After a year of twists and turns, the market staged a strong recovery in the second half of the year, ending up double digits again after a solid 2024. Robust earnings and interest rate cuts from the Federal Reserve drove enthusiasm, even as ongoing inflation and weakening jobs market drove lingering concerns. Importantly, the “AI trade” continued to deliver, buoyed by sustained demand from large tech companies investing in data centers as well as enterprises starting to find ways of using AI to boost productivity. This strength helped offset a pressured consumer environment, where higher prices and rising debt weighed on demand.
As we start 2026, this “tug of war” between corporate strength and a stretched consumer will be an ongoing theme to watch. One positive trend that’s emerged of late is a broadening out of the “AI trade” outside the tech sector, where a variety of companies are beginning to find tangible economic impact. So far, it is showing up in areas like logistics, retail, and financial services, but as more use-cases develop this will likely expand further. An important result of this renewed investment is that it has reaccelerated GDP growth to a 4.3% rate as of the 3rd quarter. It’s also driving an increase in market breadth, meaning more stocks are participating in the rally. Seeing more stocks rally is key as it takes pressure off tech stocks, thereby creating a more solid basis of support for the market overall.
On the flipside, a cooling labor market and rising consumer debt is a clear indication that the economy is uneven. A worker concerned about their job is likely to cut their spending and notably defer discretionary purchases. With the consumer representing 70% of GDP, this is likely why the Fed delivered a cut in December and has signaled a subtle shift from fighting inflation to supporting jobs. Interestingly, consumer spending also ticked up in the recent GDP report, indicating that so far behavior hasn’t shifted dramatically in aggregate.
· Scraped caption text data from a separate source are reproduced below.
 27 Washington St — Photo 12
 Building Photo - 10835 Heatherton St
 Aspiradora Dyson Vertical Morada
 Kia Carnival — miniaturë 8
But part of this is because wealthier consumers are offsetting some of the softness seen in lower- and middle-income households. This dynamic may not be sustainable and so it will be a critical theme to watch.
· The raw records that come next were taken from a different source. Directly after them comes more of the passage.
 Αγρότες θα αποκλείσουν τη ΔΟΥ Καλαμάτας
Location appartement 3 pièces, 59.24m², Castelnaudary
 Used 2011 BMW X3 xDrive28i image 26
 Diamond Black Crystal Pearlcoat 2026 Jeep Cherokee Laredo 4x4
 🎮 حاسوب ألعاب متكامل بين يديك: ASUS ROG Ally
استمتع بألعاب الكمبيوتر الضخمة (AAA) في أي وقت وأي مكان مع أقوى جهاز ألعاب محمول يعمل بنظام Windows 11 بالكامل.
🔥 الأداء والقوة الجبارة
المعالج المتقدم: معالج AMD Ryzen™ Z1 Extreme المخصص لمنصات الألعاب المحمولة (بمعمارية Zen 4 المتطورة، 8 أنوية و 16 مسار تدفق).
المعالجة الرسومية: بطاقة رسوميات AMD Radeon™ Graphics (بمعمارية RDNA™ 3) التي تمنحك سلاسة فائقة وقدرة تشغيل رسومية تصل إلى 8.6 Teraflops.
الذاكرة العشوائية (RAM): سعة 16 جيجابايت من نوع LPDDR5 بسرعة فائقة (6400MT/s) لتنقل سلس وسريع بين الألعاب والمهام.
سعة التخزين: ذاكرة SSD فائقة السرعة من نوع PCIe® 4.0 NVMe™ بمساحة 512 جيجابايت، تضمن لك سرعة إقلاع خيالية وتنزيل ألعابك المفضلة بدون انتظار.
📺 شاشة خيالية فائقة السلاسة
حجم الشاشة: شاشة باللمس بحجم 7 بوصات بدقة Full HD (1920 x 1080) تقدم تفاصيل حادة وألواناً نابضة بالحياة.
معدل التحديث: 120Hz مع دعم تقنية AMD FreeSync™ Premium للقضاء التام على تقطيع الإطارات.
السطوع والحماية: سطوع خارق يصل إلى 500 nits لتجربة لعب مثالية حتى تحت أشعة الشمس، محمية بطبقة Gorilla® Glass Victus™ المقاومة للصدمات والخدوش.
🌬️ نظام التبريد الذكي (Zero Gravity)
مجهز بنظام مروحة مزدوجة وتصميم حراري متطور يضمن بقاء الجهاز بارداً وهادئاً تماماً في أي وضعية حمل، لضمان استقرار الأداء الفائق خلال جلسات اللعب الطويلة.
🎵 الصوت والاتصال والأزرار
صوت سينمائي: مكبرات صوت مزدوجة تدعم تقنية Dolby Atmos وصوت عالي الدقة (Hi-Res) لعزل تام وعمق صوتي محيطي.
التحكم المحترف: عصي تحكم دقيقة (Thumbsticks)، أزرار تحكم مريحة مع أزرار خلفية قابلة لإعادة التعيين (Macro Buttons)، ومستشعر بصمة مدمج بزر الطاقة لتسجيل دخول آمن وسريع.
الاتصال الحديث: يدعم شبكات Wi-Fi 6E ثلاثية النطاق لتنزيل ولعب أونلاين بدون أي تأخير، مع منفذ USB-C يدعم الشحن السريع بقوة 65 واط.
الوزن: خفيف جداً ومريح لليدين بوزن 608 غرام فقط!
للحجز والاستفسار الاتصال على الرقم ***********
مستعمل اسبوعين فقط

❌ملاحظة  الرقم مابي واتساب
Looking back, the positive factors outweighed the negative ones in 2025, with solid fundamentals giving investors reason to maintain exposure to growth areas of the market. At the same time, valuations continued to rise, leaving little room for disappointment should earnings growth moderate. This is particularly relevant to the question of whether all this AI spending will generate a sufficient return on investment, which is another emerging theme to watch. Rising debt and geopolitical tensions have also driven the buying of safe havens like gold, indicating a continued cautiousness amid the rally. For investors, this means greater selectivity going forward as prices and expectations have risen, with a renewed focus on the shifting winds of the market.
Fortunately, the leadership shift that started in the fourth quarter is a positive development and a continuation of this rotation may help the market sustain its gains. Already in the first few days of the year, a rally in energy and defense stocks on geopolitical developments have helped offset some continued profit-taking in Tech. Cyclicals like Industrials and Financials are likewise outperforming, which tends to happen when the economy is strengthening not weakening. These dynamics underscore the importance of maintaining a broadly diversified portfolio, so that when one part zigs another part zags. The AI stocks will remain top of mind given their importance to the overall market, but these developments are certainly a welcome shift.
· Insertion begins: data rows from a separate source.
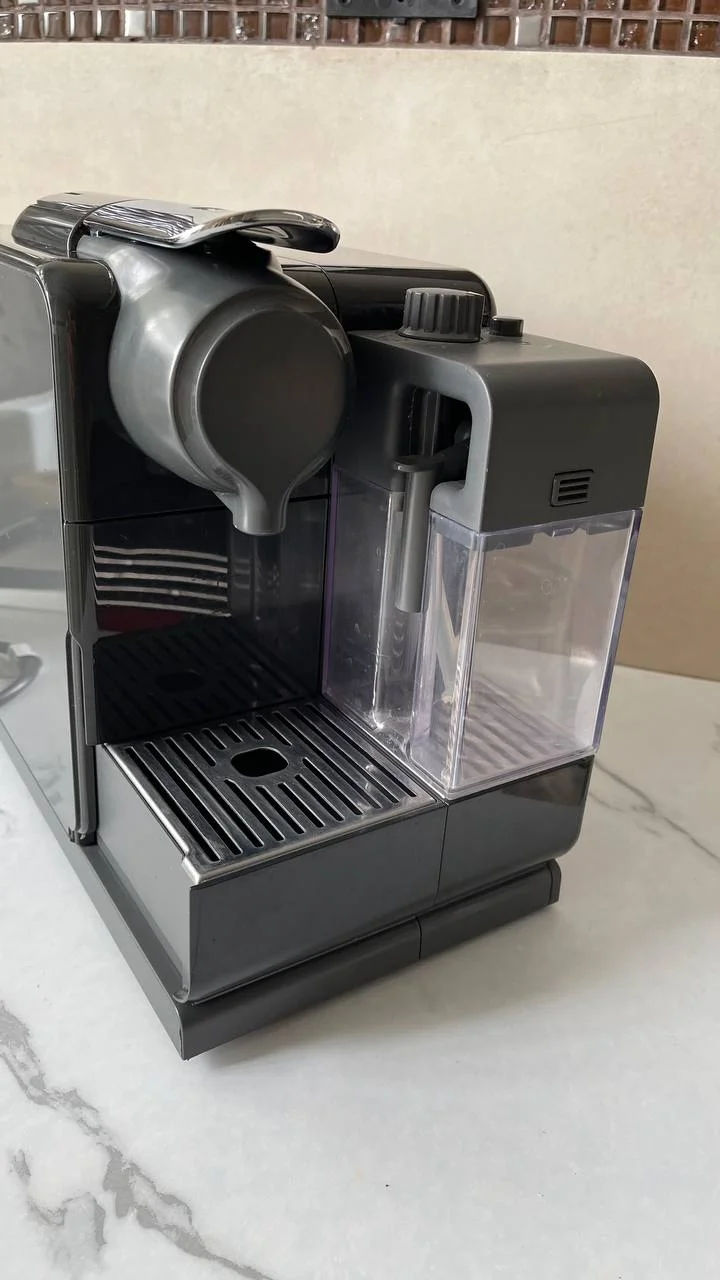 Кофе машина Nespresso 1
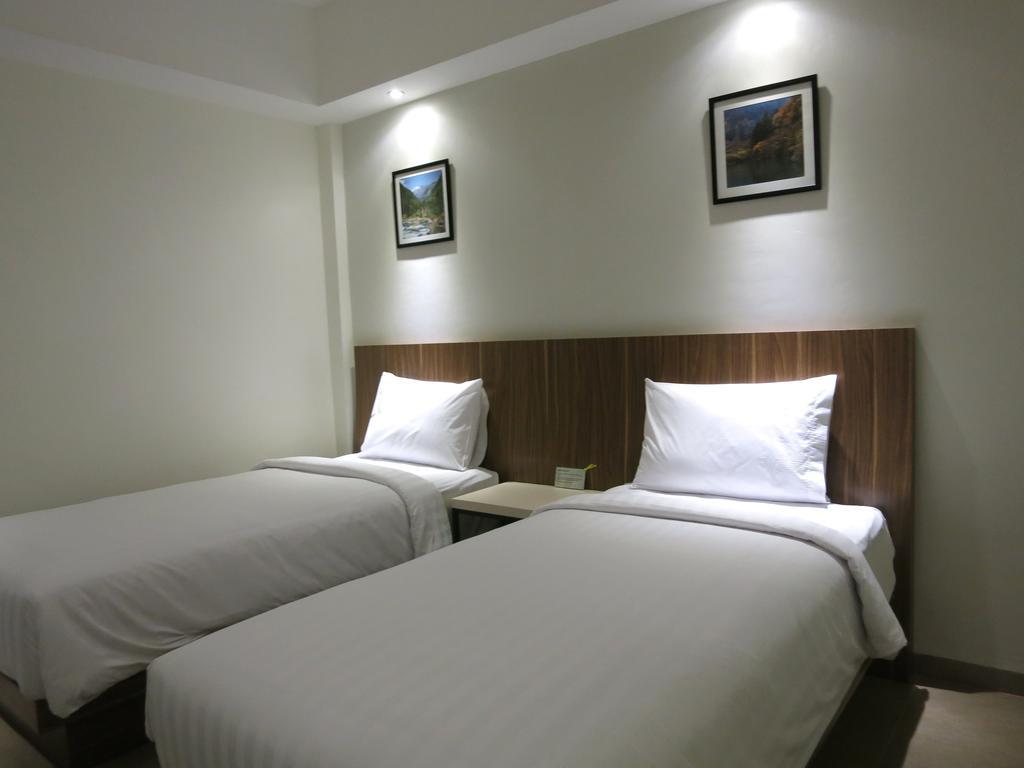 Hart Hotel Arjuna Mataram Szoba fotó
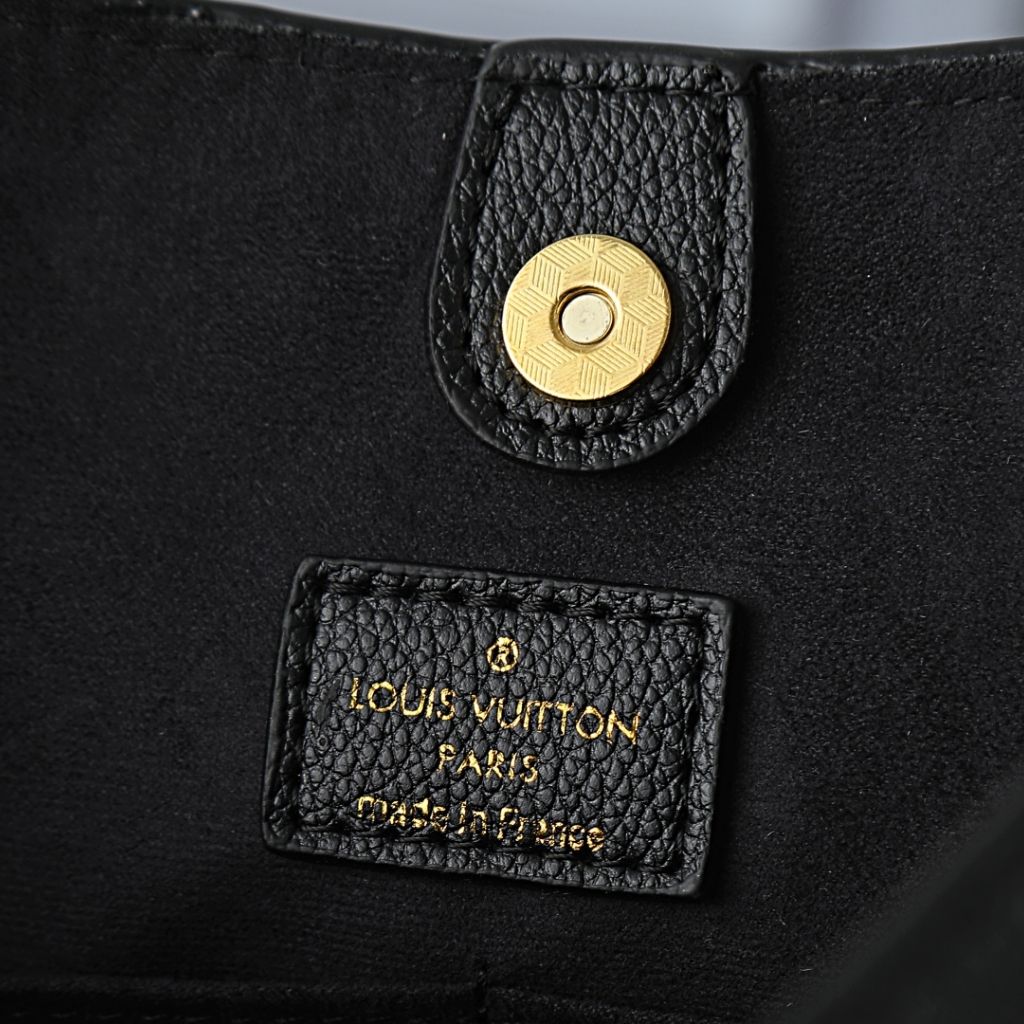 Louis Vuitton Hobo Metis Black 35cm M27189 - Image 10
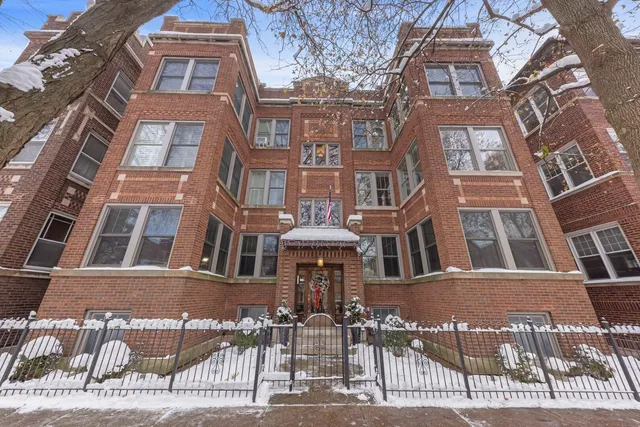$325,000 | 1433 West Rosemont Avenue, Unit 1W, Chicago, IL 60660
Overall, while the path forward is not without challenges, we remain cautiously optimistic as we look forward into 2026. The economy and earnings environment remains resilient, with risk factors like the job market, debt levels, and geopolitics yet to cause too great a concern. As always, we will continue to monitor this evolving environment and maintain a steady hand amid market volatility. We stand ready to act when opportunities arise for portfolios. We thank you for your continued trust and wish you and your families well.